- **Stored data entries**
****************************************
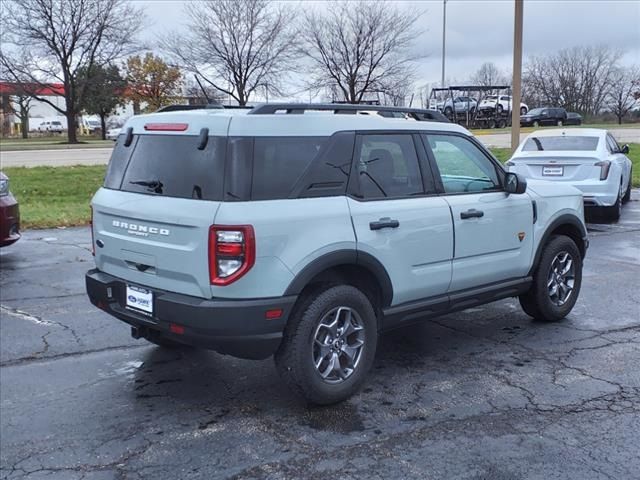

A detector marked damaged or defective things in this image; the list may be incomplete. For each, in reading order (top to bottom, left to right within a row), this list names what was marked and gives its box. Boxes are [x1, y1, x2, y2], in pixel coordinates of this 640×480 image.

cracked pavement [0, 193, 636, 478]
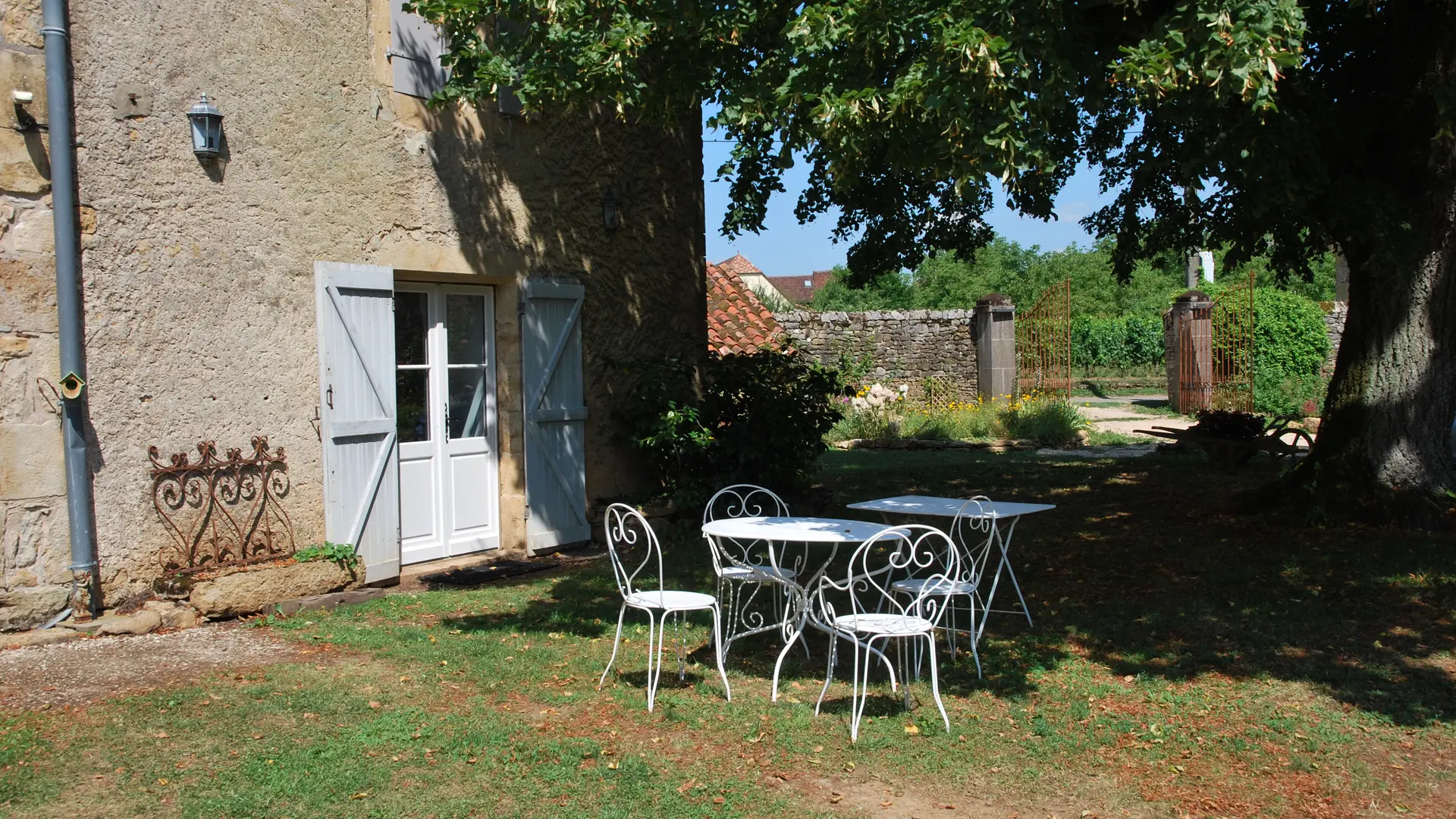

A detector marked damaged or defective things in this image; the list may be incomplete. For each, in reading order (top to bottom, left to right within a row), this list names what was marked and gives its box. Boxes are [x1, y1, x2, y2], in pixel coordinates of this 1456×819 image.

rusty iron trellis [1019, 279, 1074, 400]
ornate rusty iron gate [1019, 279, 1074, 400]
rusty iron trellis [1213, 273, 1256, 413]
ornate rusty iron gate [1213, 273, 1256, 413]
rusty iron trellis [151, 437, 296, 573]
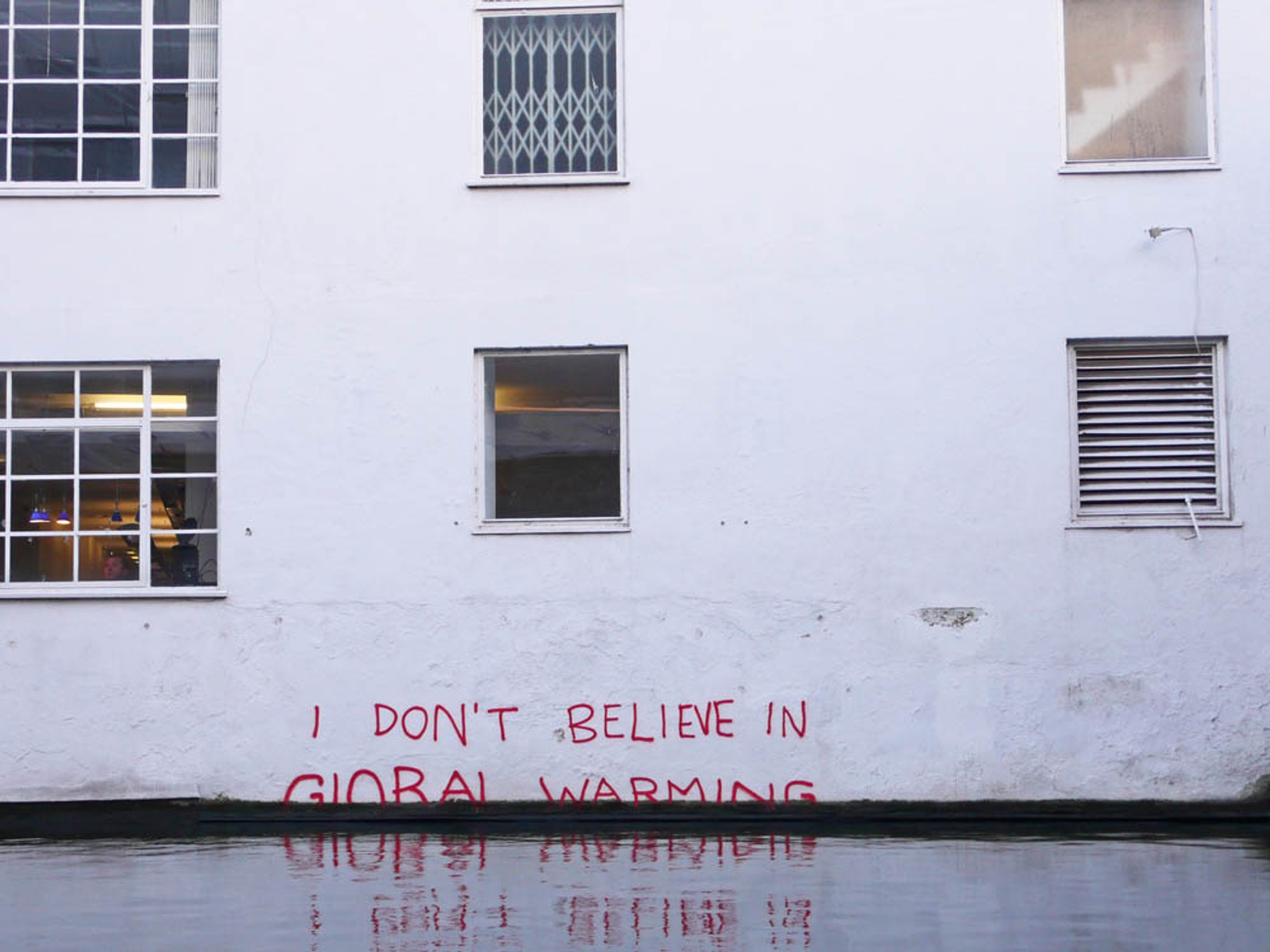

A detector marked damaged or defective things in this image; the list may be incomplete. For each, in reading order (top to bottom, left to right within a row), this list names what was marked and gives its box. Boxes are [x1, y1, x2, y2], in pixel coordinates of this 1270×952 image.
****************************************
- **ACTIVITY**
An exact restatement of every record is required. Omit the images.

- **SOLUTION TO THIS TASK**
A detector marked damaged or defective things in this image; the list may be incomplete. For each, in reading order (top to bottom, left to right within a row), this list names what was marked and gives its box. Boxes are [x1, y1, x2, y2], in pixel coordinates of this 640×480 image.

cracked pavement [0, 193, 636, 478]

A detector marked damaged or defective things in this image; the list may be incomplete. For each, in reading order (top to bottom, left to right within a row), this list names what was marked and gives its box. Boxes are [x1, y1, x2, y2], in pixel coordinates of this 1456×819 image.

rusty iron trellis [1019, 279, 1074, 400]
ornate rusty iron gate [1019, 279, 1074, 400]
rusty iron trellis [1213, 273, 1256, 413]
ornate rusty iron gate [1213, 273, 1256, 413]
rusty iron trellis [151, 437, 296, 573]

A detector marked damaged or defective things in this image; the list may be incomplete. For each, in reading order (top to bottom, left to right within a row), this list names what was marked and gives its box. Boxes are [x1, y1, x2, y2], in pixel coordinates of this 1270×952 image.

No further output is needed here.